## Collected data
⟨
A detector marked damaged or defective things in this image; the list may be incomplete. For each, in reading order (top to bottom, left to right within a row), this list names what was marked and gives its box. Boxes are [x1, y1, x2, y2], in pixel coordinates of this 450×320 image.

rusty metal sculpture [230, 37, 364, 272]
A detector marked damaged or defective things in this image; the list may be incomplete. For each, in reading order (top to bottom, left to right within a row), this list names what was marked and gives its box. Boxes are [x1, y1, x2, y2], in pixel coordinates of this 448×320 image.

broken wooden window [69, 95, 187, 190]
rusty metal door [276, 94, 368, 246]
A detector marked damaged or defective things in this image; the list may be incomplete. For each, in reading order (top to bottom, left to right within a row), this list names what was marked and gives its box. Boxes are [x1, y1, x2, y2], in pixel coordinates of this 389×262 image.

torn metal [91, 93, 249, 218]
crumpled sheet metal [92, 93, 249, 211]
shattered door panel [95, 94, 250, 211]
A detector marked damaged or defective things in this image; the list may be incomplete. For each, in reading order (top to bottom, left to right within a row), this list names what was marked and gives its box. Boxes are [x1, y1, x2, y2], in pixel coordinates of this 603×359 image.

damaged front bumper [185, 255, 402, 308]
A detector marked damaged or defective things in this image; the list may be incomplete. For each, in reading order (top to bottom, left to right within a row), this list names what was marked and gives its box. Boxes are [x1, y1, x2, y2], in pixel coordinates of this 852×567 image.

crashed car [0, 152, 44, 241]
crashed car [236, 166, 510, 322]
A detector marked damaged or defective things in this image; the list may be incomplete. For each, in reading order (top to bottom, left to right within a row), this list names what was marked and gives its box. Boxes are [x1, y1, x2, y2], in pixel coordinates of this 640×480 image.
⟩
## Problem
The answer is the line with "this 603×359 image." plus every line after it, printed exactly as they appear above.

## Task solution
A detector marked damaged or defective things in this image; the list may be incomplete. For each, in reading order (top to bottom, left to right within a row), this list names what was marked and gives its box. Boxes are [x1, y1, x2, y2], in pixel coordinates of this 603×359 image.

damaged front bumper [185, 255, 402, 308]
A detector marked damaged or defective things in this image; the list may be incomplete. For each, in reading order (top to bottom, left to right within a row), this list names what was marked and gives its box. Boxes are [x1, y1, x2, y2], in pixel coordinates of this 852×567 image.

crashed car [0, 152, 44, 241]
crashed car [236, 166, 510, 322]
A detector marked damaged or defective things in this image; the list may be incomplete. For each, in reading order (top to bottom, left to right within a row), this list names what was marked and gives its box. Boxes are [x1, y1, x2, y2], in pixel coordinates of this 640×480 image.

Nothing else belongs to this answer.